=== Listed entries ===

________________________________________

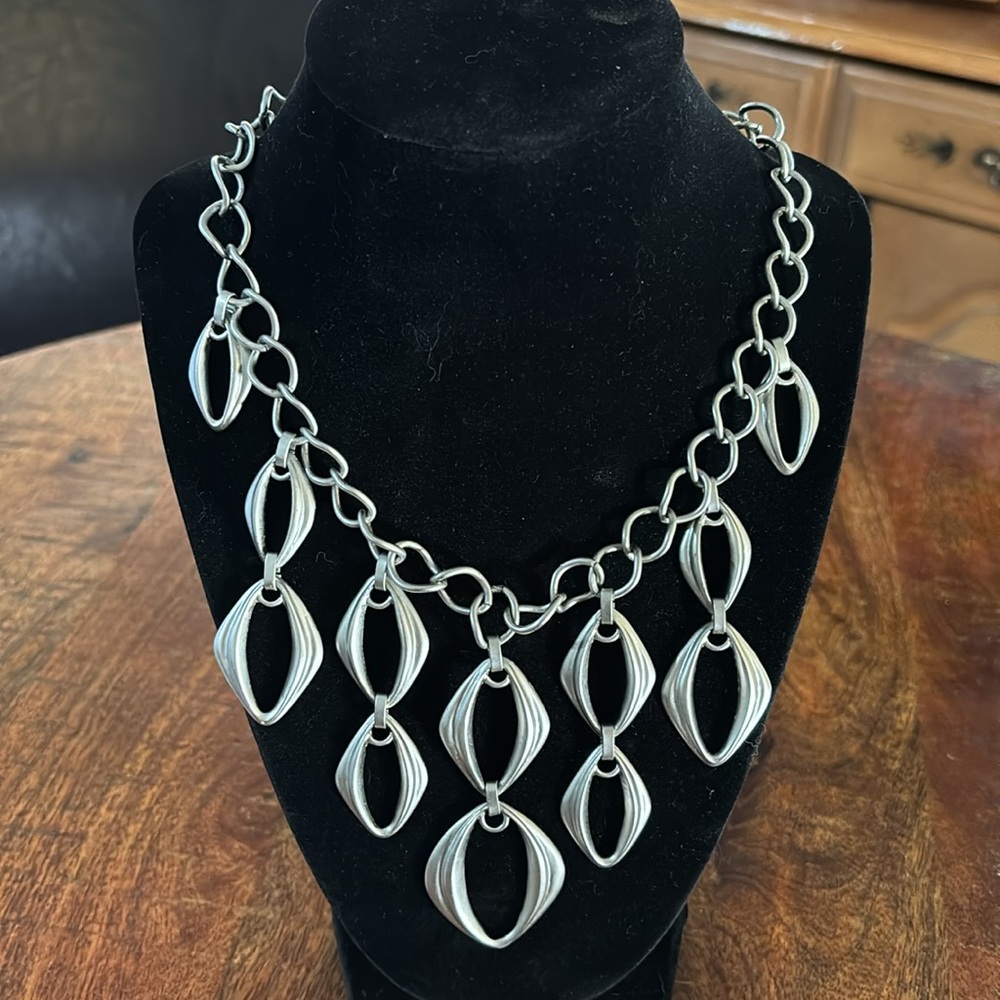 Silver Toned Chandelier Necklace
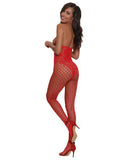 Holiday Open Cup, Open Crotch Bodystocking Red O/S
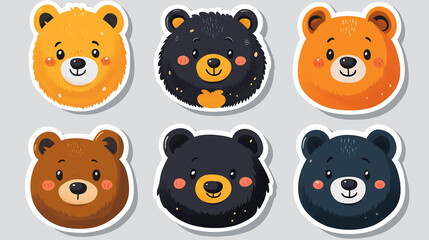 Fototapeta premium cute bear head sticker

________________________________________

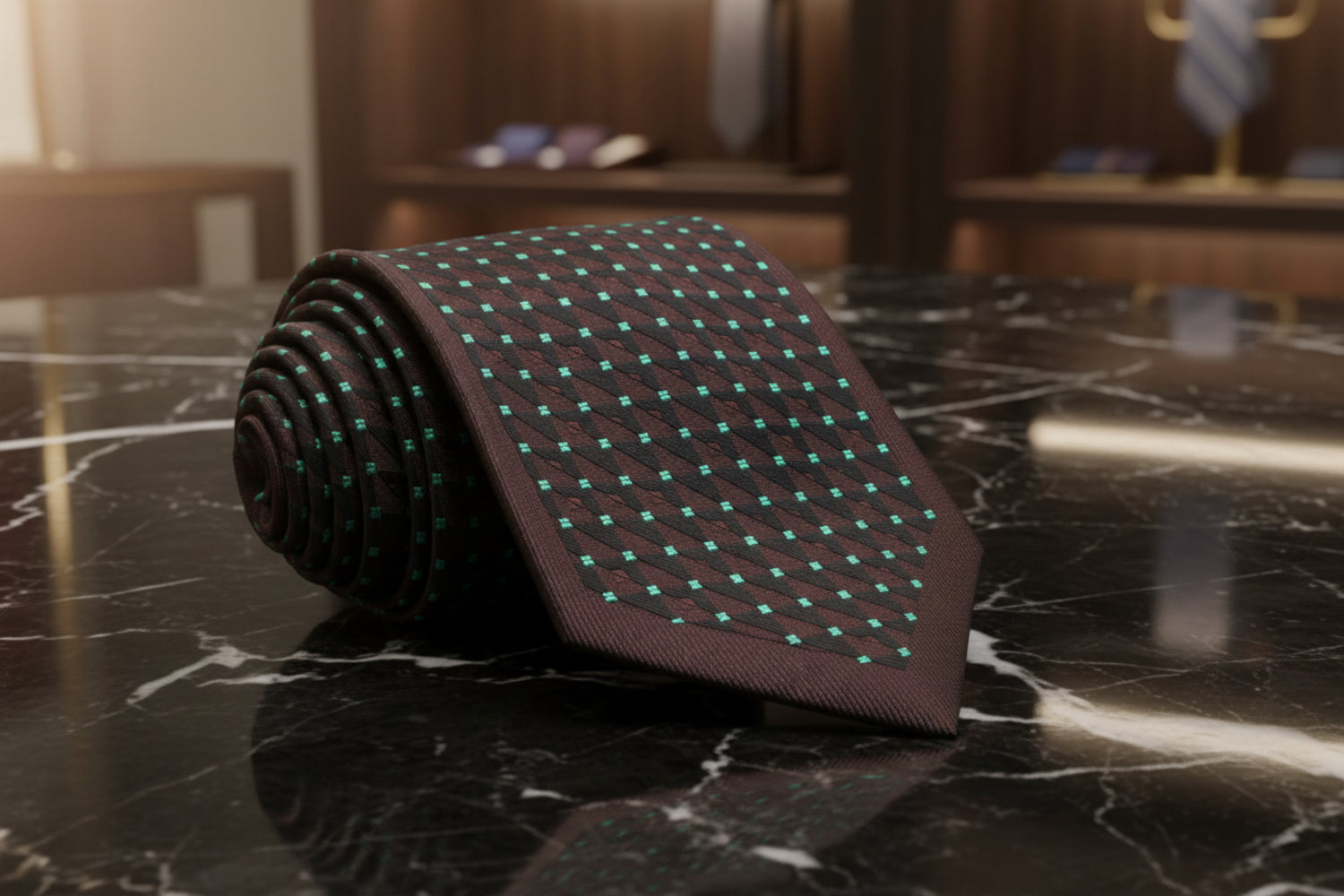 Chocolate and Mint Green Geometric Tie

________________________________________

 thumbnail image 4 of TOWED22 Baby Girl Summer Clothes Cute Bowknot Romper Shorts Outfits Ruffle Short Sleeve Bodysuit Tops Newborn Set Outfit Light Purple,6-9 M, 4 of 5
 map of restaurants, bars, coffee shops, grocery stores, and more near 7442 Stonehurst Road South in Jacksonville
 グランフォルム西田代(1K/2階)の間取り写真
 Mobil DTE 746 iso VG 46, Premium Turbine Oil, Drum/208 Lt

________________________________________

=== Instructions for the task ===
Starting with the line that has "Silver Toned Chandelier Necklace" and going on through the line that has "Fototapeta premium cute bear head sticker", transcribe the records above exactly, but skip the pictures.

=== Written solution ===
 Silver Toned Chandelier Necklace
 Holiday Open Cup, Open Crotch Bodystocking Red O/S
 Fototapeta premium cute bear head sticker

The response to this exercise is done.